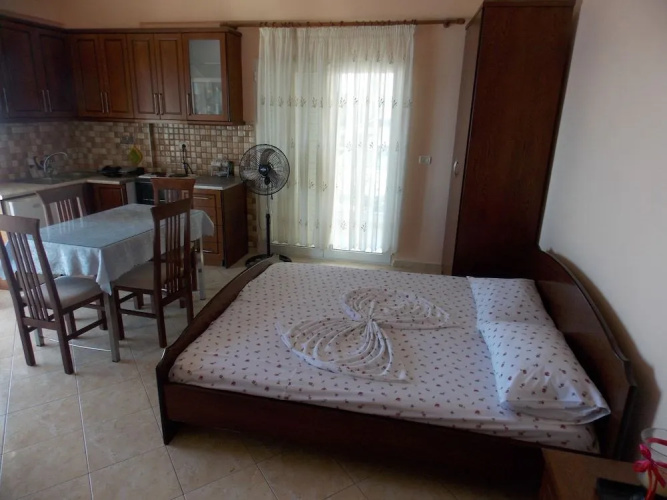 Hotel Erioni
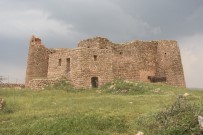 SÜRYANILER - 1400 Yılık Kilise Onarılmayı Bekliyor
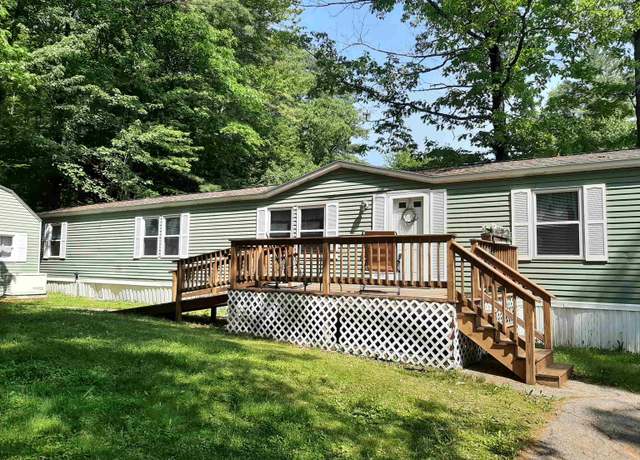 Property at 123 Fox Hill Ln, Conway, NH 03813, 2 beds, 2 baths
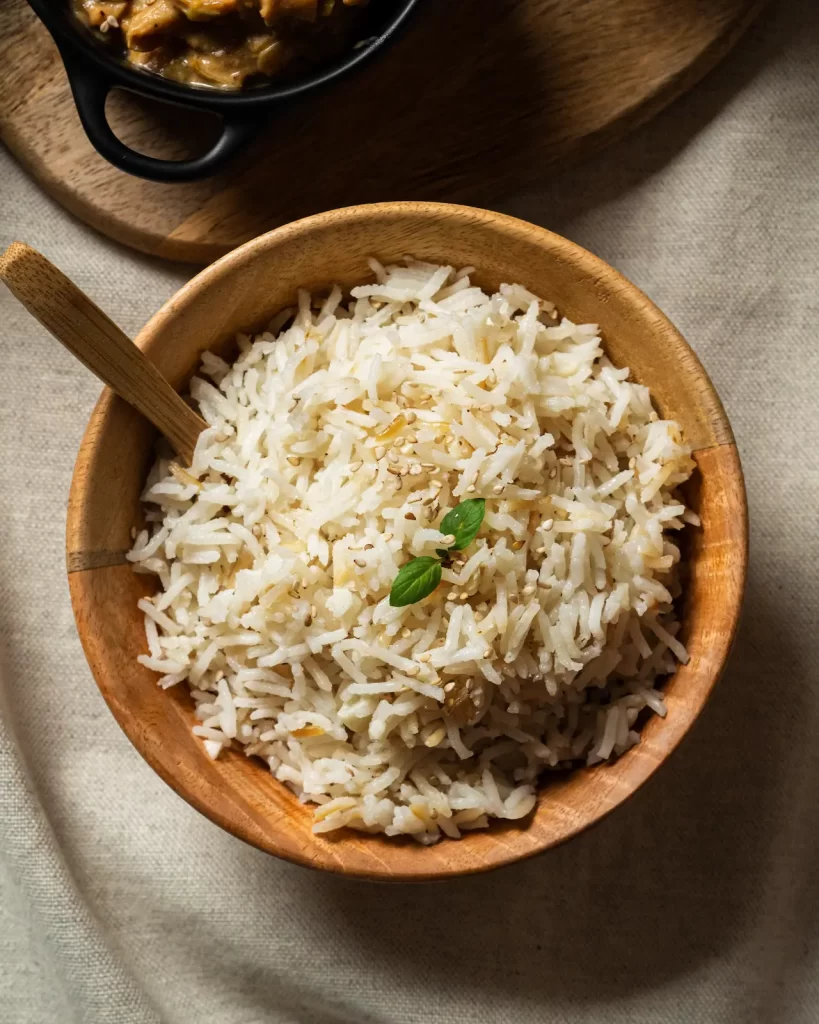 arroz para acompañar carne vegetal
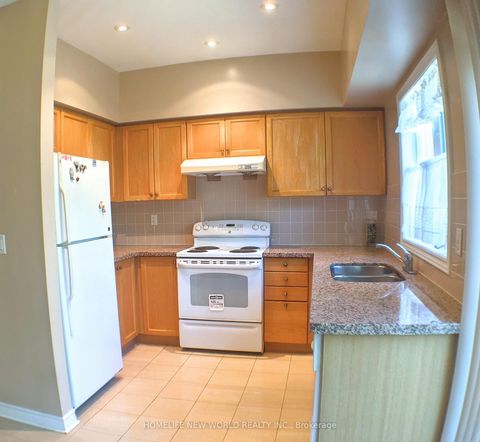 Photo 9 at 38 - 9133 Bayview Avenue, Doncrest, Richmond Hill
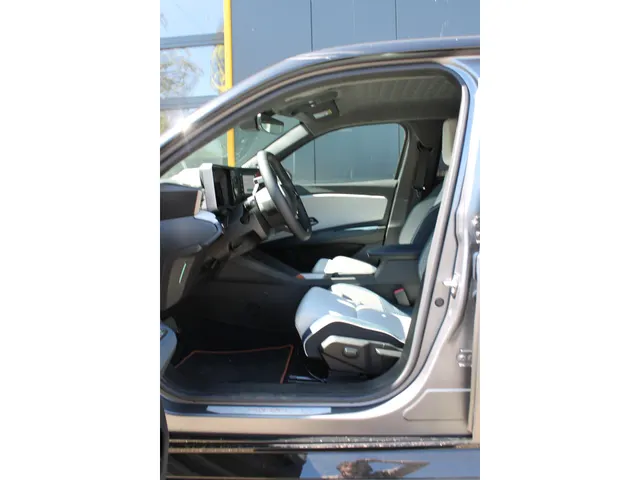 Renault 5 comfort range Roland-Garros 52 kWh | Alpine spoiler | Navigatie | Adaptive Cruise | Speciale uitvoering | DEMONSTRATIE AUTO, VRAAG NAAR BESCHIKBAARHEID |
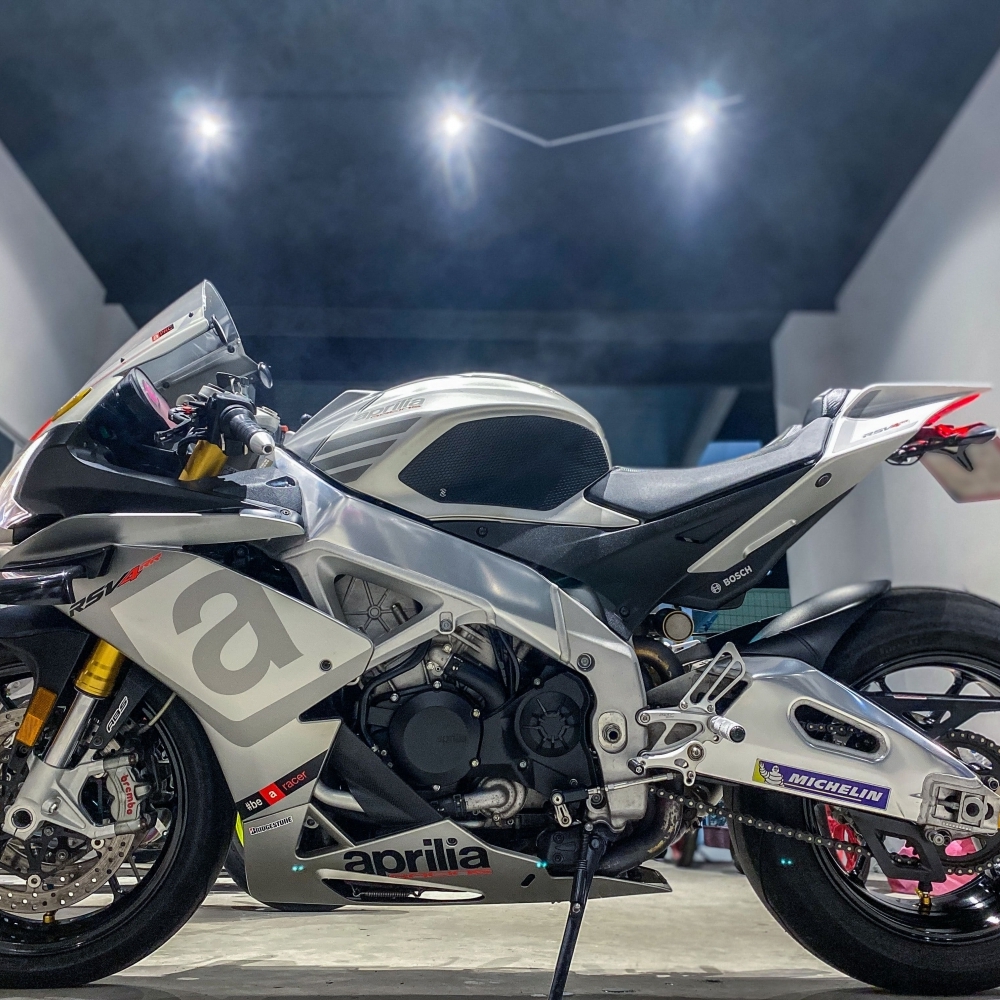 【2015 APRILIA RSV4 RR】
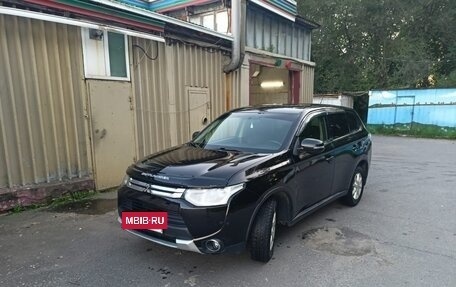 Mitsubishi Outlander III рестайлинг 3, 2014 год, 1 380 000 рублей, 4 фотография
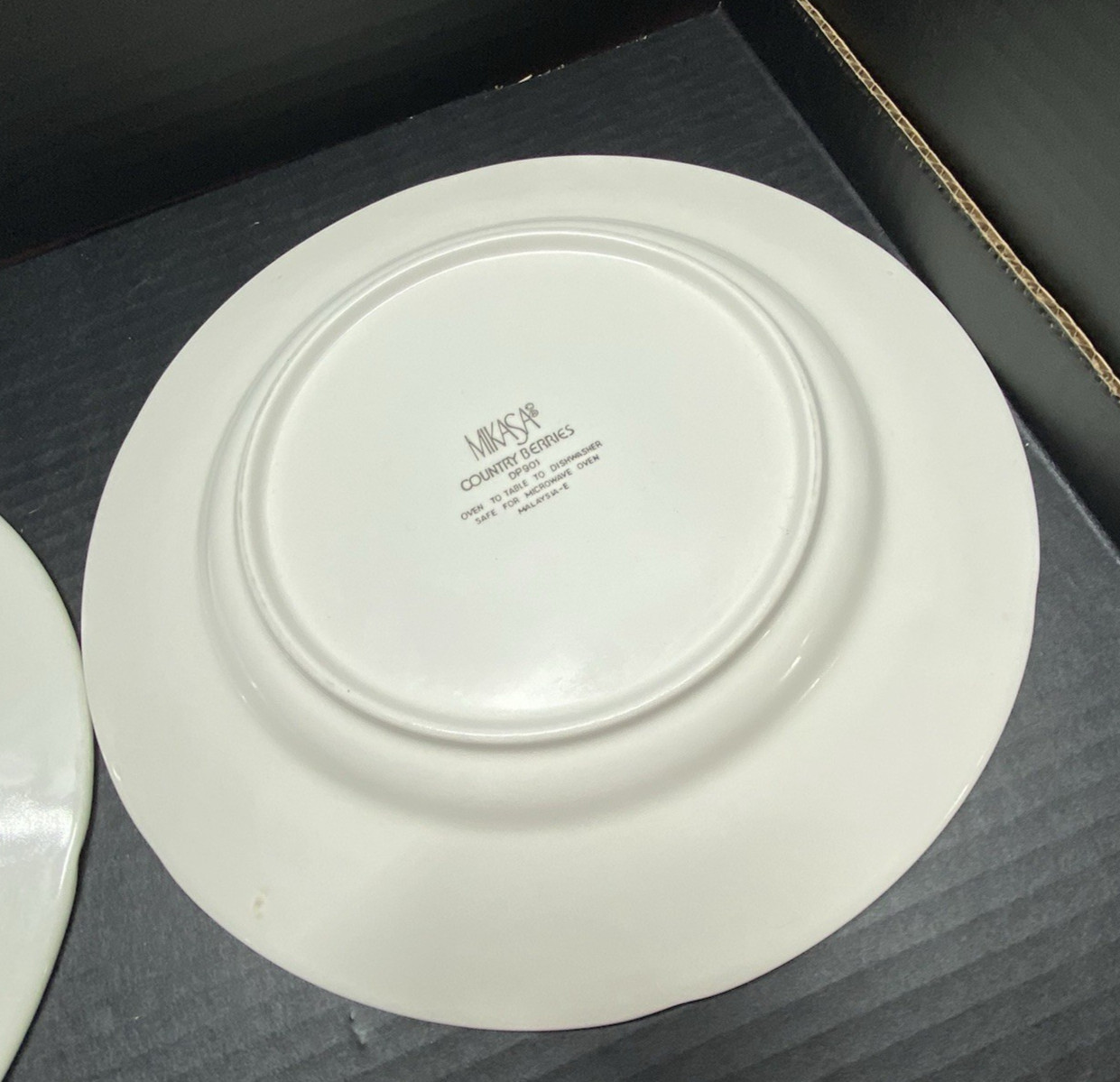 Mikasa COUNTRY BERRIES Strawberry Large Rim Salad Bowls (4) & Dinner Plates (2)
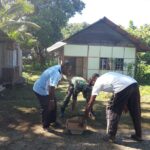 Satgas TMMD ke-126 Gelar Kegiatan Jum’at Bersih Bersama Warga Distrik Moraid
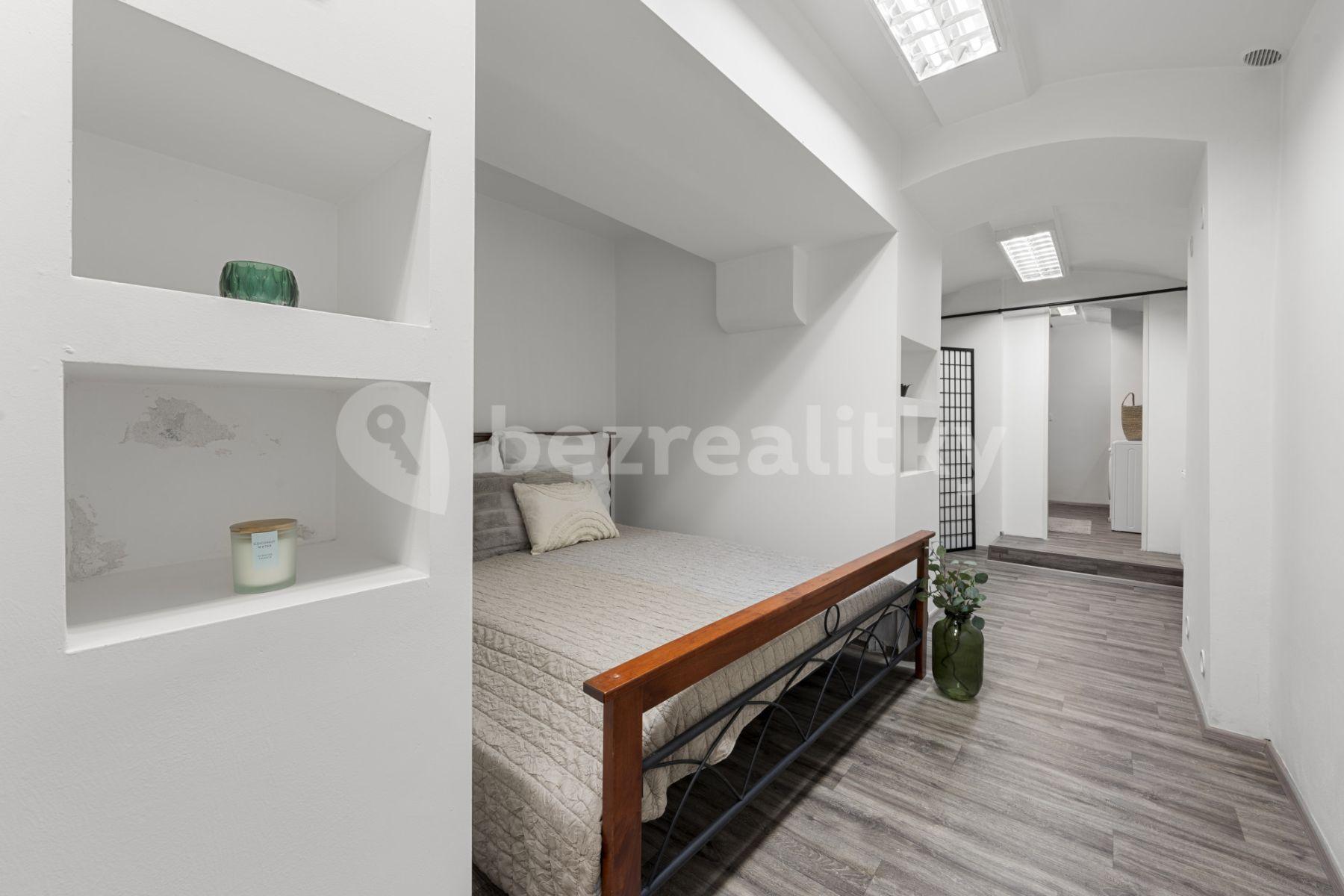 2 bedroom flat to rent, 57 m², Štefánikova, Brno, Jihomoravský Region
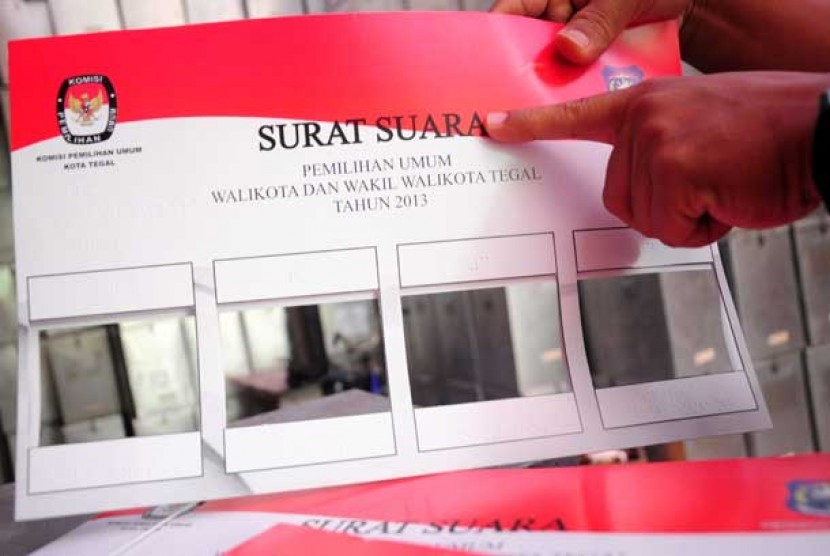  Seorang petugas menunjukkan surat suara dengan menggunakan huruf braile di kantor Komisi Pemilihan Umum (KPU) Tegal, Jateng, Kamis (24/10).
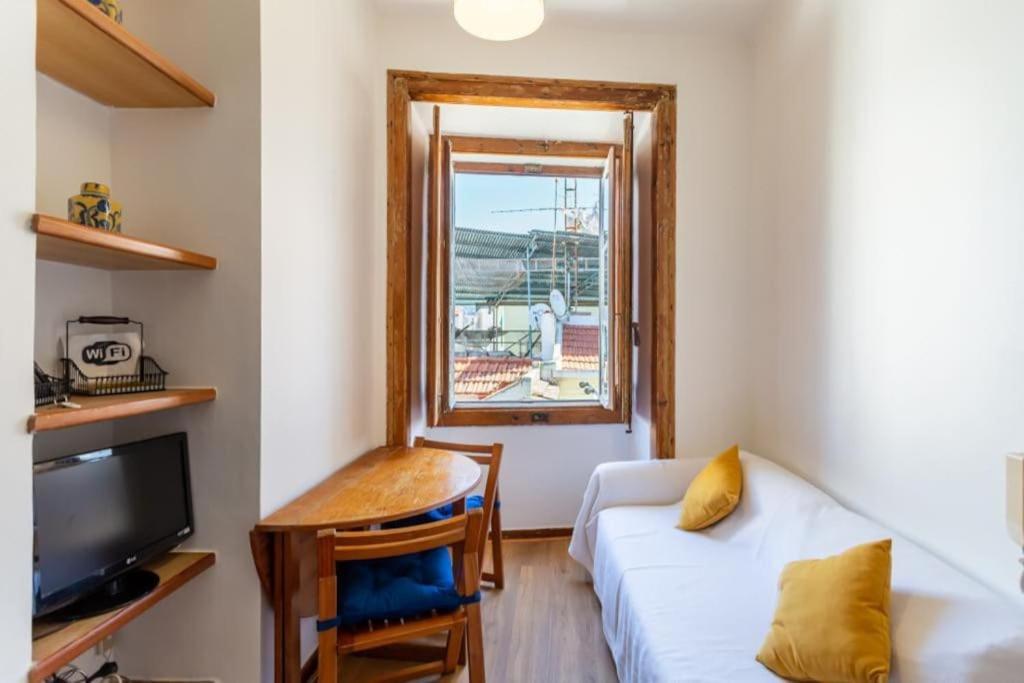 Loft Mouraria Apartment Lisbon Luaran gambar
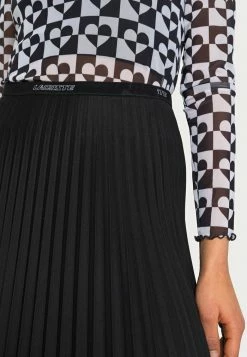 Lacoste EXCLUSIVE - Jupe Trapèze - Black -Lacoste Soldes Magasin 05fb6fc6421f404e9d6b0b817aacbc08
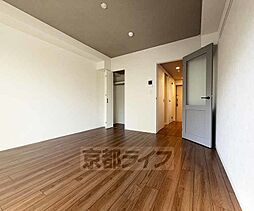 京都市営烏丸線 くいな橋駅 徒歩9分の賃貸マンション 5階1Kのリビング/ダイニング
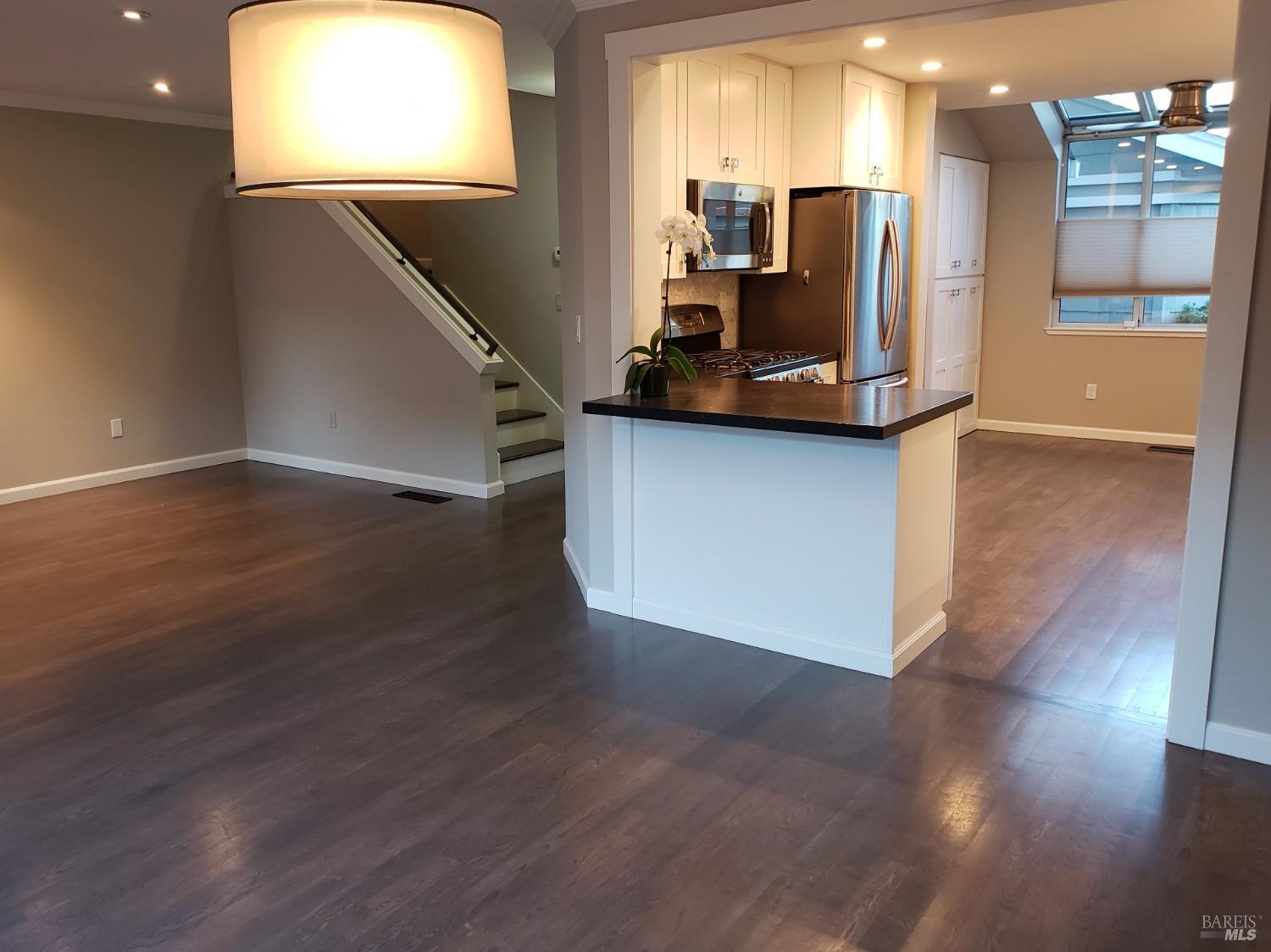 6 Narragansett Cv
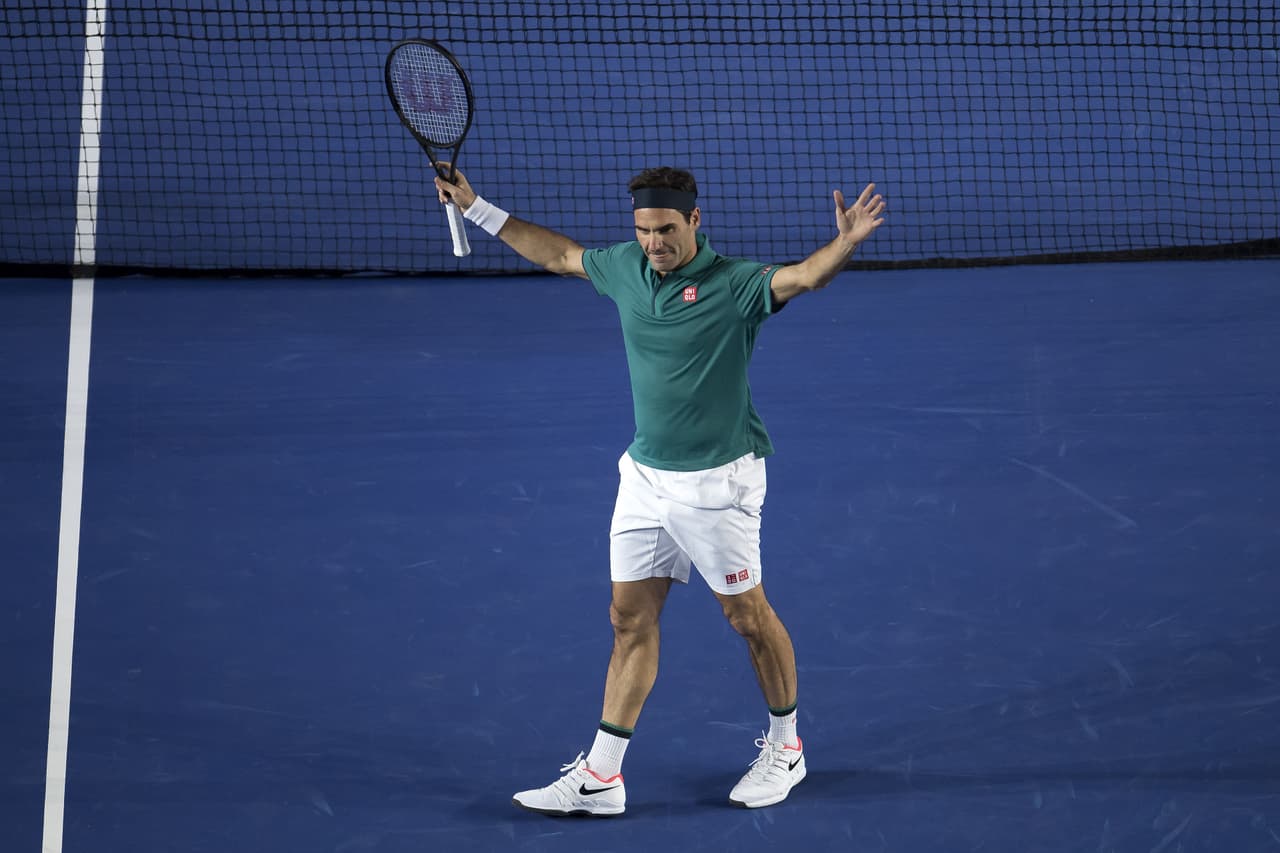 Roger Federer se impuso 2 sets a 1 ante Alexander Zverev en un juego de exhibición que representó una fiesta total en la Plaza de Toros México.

Work instruction: Transcribe the records word for word and include no pictures.

Answer to this problem:
 Hotel Erioni
 SÜRYANILER - 1400 Yılık Kilise Onarılmayı Bekliyor
 Property at 123 Fox Hill Ln, Conway, NH 03813, 2 beds, 2 baths
 arroz para acompañar carne vegetal
 Photo 9 at 38 - 9133 Bayview Avenue, Doncrest, Richmond Hill
 Renault 5 comfort range Roland-Garros 52 kWh | Alpine spoiler | Navigatie | Adaptive Cruise | Speciale uitvoering | DEMONSTRATIE AUTO, VRAAG NAAR BESCHIKBAARHEID |
 【2015 APRILIA RSV4 RR】
 Mitsubishi Outlander III рестайлинг 3, 2014 год, 1 380 000 рублей, 4 фотография
 Mikasa COUNTRY BERRIES Strawberry Large Rim Salad Bowls (4) & Dinner Plates (2)
 Satgas TMMD ke-126 Gelar Kegiatan Jum’at Bersih Bersama Warga Distrik Moraid
 2 bedroom flat to rent, 57 m², Štefánikova, Brno, Jihomoravský Region
  Seorang petugas menunjukkan surat suara dengan menggunakan huruf braile di kantor Komisi Pemilihan Umum (KPU) Tegal, Jateng, Kamis (24/10).
 Loft Mouraria Apartment Lisbon Luaran gambar
 Lacoste EXCLUSIVE - Jupe Trapèze - Black -Lacoste Soldes Magasin 05fb6fc6421f404e9d6b0b817aacbc08
 京都市営烏丸線 くいな橋駅 徒歩9分の賃貸マンション 5階1Kのリビング/ダイニング
 6 Narragansett Cv
 Roger Federer se impuso 2 sets a 1 ante Alexander Zverev en un juego de exhibición que representó una fiesta total en la Plaza de Toros México.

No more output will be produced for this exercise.